The info that I thought was Census stuff, isn’t Census stuff, it is actually Commissioners of the District of Columbia stuff. Once upon a time DC had a board of Commissioners and off the top of my head I think they were appointed by Congress. Anyway those Commissioners put out some lovely annual reports which have a good deal of info. Sadly, that info seems to be on scratched microfilm in the GovDocs section of my place’s library. The photocoping fees for it is a strong disincentive for me to make copies and I should shop around. I hear the Library of Congress and the University of Maryland are more affordable.
So why would you, with your mild interest in the past have an interest in some old annual reports? Well besides knowing they counted only 11 Chinese women in all of the District in 1897, 4 of them living on Sq. 425 (currently being occupied by the Convention Center), the reports break down the blocks or squares with some interesting information. Their census was enumerated by the police in some instances, and I can’t determine who did the other sections of the report. There is a break down between “White” and “Colored”, colored I’m gathering would include the Chinese, Indians, African Americans, and other non-Europeans, by square.
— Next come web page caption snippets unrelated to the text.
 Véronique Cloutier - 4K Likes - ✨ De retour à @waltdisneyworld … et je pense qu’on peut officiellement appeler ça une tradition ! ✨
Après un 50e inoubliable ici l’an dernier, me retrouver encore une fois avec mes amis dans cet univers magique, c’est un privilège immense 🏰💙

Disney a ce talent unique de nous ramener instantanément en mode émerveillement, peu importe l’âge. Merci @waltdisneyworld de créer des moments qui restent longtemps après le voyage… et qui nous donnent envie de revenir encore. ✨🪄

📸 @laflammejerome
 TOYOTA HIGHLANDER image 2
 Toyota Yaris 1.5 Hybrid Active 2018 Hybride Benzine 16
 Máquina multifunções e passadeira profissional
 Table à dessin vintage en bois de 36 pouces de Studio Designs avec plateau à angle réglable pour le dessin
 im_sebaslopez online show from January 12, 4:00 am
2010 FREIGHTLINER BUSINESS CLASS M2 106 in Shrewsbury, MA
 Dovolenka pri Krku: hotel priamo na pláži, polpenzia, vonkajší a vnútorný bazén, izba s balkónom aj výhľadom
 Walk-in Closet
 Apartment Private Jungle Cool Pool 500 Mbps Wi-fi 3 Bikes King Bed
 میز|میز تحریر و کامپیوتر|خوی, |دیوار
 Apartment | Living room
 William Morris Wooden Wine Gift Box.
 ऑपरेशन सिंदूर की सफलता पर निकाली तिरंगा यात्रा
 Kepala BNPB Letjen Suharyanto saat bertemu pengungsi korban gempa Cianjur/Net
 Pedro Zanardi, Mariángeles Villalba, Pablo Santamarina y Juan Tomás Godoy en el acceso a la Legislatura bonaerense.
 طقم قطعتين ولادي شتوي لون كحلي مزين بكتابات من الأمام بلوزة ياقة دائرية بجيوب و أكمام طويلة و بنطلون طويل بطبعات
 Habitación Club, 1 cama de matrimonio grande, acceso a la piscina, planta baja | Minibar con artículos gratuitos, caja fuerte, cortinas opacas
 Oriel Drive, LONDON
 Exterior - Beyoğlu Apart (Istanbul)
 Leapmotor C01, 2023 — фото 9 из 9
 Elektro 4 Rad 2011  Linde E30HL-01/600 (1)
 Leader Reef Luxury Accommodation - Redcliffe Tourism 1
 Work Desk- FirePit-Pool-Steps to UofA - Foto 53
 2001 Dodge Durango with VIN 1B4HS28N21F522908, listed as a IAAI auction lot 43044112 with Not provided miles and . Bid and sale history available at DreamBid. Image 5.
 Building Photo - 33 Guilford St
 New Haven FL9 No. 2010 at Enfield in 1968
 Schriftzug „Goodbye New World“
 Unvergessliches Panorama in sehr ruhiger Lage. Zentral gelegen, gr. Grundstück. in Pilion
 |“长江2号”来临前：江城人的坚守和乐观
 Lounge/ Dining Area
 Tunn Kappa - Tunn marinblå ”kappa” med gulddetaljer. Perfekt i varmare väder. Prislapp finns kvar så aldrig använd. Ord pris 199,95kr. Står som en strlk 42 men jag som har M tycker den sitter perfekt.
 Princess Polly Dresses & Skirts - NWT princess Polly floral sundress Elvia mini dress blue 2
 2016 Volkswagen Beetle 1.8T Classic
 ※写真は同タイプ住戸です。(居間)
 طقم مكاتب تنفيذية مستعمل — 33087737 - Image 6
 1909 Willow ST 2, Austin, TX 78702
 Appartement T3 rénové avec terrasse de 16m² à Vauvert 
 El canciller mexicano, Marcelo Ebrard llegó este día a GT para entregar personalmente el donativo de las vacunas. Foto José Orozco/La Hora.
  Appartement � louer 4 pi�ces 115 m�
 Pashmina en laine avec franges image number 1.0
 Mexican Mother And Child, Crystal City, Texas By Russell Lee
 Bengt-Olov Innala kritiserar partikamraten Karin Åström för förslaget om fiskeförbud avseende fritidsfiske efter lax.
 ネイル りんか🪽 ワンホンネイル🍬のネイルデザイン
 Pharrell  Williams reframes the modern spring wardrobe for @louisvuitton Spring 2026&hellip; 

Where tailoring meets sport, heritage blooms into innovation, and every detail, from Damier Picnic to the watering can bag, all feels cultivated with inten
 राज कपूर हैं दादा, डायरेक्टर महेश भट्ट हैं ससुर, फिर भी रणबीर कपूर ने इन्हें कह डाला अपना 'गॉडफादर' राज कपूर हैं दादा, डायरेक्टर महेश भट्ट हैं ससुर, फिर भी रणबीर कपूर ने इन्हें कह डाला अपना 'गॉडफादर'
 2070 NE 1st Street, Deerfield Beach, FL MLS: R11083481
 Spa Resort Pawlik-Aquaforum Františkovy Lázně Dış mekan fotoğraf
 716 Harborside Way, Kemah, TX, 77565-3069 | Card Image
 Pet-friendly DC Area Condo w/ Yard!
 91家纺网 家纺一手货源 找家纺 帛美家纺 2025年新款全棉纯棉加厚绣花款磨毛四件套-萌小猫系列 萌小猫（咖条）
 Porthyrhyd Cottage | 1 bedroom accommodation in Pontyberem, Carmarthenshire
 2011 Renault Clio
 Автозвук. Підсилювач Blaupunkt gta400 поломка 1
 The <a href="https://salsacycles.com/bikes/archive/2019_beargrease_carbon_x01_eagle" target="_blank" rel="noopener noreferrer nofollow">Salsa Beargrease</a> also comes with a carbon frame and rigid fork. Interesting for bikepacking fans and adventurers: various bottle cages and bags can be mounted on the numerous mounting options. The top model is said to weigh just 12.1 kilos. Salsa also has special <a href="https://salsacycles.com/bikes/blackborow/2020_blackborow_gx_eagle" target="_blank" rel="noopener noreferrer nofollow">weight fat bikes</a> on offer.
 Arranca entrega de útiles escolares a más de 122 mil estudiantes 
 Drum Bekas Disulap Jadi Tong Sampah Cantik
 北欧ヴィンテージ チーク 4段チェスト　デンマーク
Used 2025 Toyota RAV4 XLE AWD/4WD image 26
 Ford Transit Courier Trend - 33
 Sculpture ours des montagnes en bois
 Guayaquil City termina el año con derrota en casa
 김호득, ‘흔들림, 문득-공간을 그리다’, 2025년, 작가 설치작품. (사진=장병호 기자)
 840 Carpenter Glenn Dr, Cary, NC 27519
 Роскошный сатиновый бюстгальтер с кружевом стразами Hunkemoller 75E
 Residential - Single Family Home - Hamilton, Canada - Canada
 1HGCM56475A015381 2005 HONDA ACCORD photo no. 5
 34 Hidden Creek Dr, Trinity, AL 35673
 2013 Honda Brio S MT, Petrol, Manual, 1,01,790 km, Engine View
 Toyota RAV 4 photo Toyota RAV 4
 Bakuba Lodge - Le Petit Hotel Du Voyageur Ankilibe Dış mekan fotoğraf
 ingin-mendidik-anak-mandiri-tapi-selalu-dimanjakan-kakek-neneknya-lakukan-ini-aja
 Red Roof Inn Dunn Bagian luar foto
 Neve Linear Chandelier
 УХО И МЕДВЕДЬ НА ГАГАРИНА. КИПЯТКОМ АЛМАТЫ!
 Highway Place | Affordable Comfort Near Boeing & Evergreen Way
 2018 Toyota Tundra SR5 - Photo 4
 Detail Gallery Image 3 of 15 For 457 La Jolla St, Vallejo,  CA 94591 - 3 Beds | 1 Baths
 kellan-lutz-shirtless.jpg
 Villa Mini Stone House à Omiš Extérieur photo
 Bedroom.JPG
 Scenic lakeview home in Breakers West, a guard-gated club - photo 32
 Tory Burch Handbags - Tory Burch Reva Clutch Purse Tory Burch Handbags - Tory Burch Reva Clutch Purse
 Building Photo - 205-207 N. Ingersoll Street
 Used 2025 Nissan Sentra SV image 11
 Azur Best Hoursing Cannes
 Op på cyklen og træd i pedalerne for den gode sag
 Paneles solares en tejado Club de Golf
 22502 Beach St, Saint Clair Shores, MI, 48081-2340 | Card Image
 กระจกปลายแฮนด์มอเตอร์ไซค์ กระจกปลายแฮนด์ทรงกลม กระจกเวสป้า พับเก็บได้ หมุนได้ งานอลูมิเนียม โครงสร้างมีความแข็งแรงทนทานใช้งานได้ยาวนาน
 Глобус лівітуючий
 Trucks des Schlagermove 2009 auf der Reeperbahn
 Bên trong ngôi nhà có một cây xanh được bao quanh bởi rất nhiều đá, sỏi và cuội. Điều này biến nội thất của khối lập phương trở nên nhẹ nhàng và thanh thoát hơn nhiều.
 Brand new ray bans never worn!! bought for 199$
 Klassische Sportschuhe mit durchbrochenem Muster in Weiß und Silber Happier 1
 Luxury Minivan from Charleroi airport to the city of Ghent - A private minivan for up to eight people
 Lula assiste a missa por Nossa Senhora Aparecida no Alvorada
Some go further by locating the handful of Chinese (327 men, 11 women), one Japanese guy, and enough Indians to count on your fingers (3 men, 2 women) in the District in 1897. Gives you a sense of how cosmopolitian the city was, uhm? [

2 thoughts on “Fun with the Census: Not really the Census, but close”

  1. You spelled ‘cosmopolitan’ incorrectly.

    Webster’s defines “cosmopolitan” as:

    1 : having worldwide rather than limited or provincial scope or bearing
    2 : having wide international sophistication
    3 : composed of persons, constituents, or elements from all or many parts of the world

    Intercontinental air travel did not exist in the period to which you are referring. Intercontinental sea travel was not uncommon, but it was also not readily accessible for most Africans, Europeans, South Americans, and Asians. And I’m pretty sure that Washington’s tourist industry was relatively non-existent in 1897 (no hordes of Japanese on buses to see the Cherry Blossoms) – so, of course there were a lot of white people walking around DC. No need to be sarcastic about it! Don’t forget the nation was barely 100 years old at the time, and at the time the biggest influx of immigrants was coming from western Europe. Diversification takes time, as does gentrification… but they’re the same thing. It’s good that Shaw is diversifying/becoming cosmopolitan, no?

  2. The transcontinental railroad, wasn’t that built on the backs of cheap Chinese labor in the post-civil war period? And Chinatown in SanFran established some time around the mid 19th century, and there was a Chinatown in DC before it moved to the the Chinatown we all know and love but I don’t have the dates for that at hand. Yet at 327 people, I wonder is that enough people to justify a ‘town’?
    Yes, travel before cheap airfare was hard, but it seems enough Chinese were coming over to the US that we as a nation decided to pass the Chinese Exclusion Act of 1882. Of course, America was getting tired of the huddled masses streaming in from Ireland and Slavic countries too, but I don’t know (can’t remember actually) if we bothered to pass an act to ban them too.
    Come to think of it, in my 1880 Census study of the Truxton Circle area, a good number of households were foreign born. North Capitol was chock full of Germans. So though travel wasn’t accessible to most people of the world, enough of them came to the US to make an impression. More so in other cities though.